En el sueño ella era una península. No una península pequeña, sino una bastante grande, unida a un continente. Una porción de tierra fértil, llena de árboles, arroyos, pájaros. Además era feliz, mecida por las aguas, enternecida por el canto de los pájaros. Pero un día sin motivo aparente comenzó a moverse, primero lentamente, pero el movimiento fue acelerándose, hasta agitarse con violencia de derecha a izquierda. Las aguas a su alrededor entraron en ebullición, comenzando a crecer más y más, como si quisieran gatear hacia el cielo. Por un momento temió que la ahogaran. De repente escuchó un rugido angustioso, como el barrunto de un animal herido, y sintió como si algo se resquebrajara. Entonces las agitaciones cesaron, y se vio arrastrada en un lento movimiento hacia el norte, alejándose del continente. Miró hacia atrás, y comprobó que se había abierto una brecha entre ellos. El brazo de tierra que los unía se había roto, como si alguien hubiese cortado el cordón umbilical. Sumida en una grave sensación de desarraigo continuó viajando durante días y días, hasta que por fin el movimiento cesó. Y en ese instante, completamente inmóvil, tuvo una revelación, supo que se había convertido en una isla. Ahí fue cuando despertó.

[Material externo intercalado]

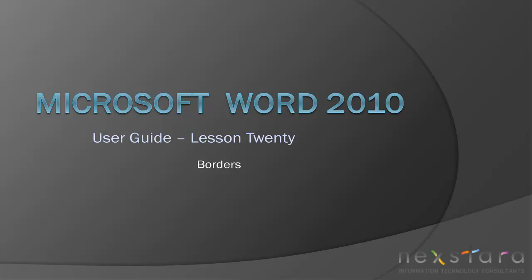Welcome to Nexstar TV, a free resource that uses video tutorials to explain IT topics. My name is Emily and today's video is Microsoft Word 2010 User Guide Lesson 20 Borders. In this video I'll be covering how to create paragraph and page borders.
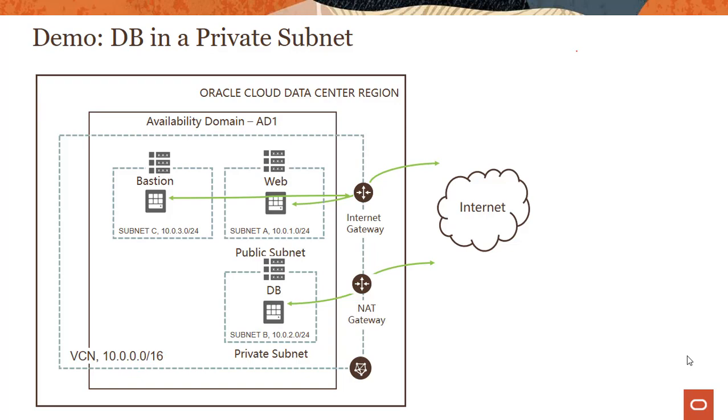We're going to look into installing a database or a private instance in a private subnet and using a NAT gateway to get that instance some patches from the internet.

Se despertó de un modo sobresaltado, tanto que en un movimiento involuntario por primera vez en horas fue capaz de alejarse del hombre que todavía dormía. Esta vez no hubo movimiento de retroceso, ni fuerza magnética que la arrastrase de nuevo hacia él. Con alivio imaginó que aquel fenómeno era transitorio, y parecía haber llegado a su fin. Así que sin más se levantó, y comenzó a vestirse. Decidió que no había tiempo para escribir una nota de despedida, tenía la dirección, así que le sería fácil localizar un teléfono, o enviarle una carta de disculpa. En unos pocos minutos estuvo lista, y se dirigió hacia la puerta. Pero en el último momento no pudo evitar mirar hacia atrás, y contemplar durante unos instantes al hombre que dormía. Su rostro era apenas iluminado por la tenue franja de luz que asomaba por la rendija de la persiana bajada. Le pareció que durante el sueño su aspecto era completamente sereno, y la sensación de cobijo que sintió fue todavía mayor. Mas enseguida se conminó a irse, por lo que dirigió su mano hacia el picaporte. Quiso abrir la puerta con un movimiento cuidadoso, silencioso, pero su mano, en un acto de rebeldía, le aplicó una fuerza feroz. La puerta emitió un sonoro quejido, como de espontánea protesta.  Suficiente para que el hombre durmiente se despertara, justo en el momento en el que la puerta se abría dejando pasar la luz, y pudo ver recortarse sobre ella la silueta de la mujer. Y ahora sí, de nuevo aquella fuerza inexplicable fue ejercida sobre ella, y se vio arrastrada de espaldas, hacia el hombre apenas incorporado en la cama. En un movimiento la mujer estuvo entre sus brazos, que de un modo automático se enlazaron alrededor del cuerpo.

-Parece que es difícil alejarse-dijo él.

-Parece que es imposible-contestó ella. 


Y de este modo permanecieron en la oscuridad, observando el rectángulo de luz que asomaba por la puerta abierta. Sin fuerzas y sin ganas para contrarrestar el irrefrenable magnetismo de sus cuerpos.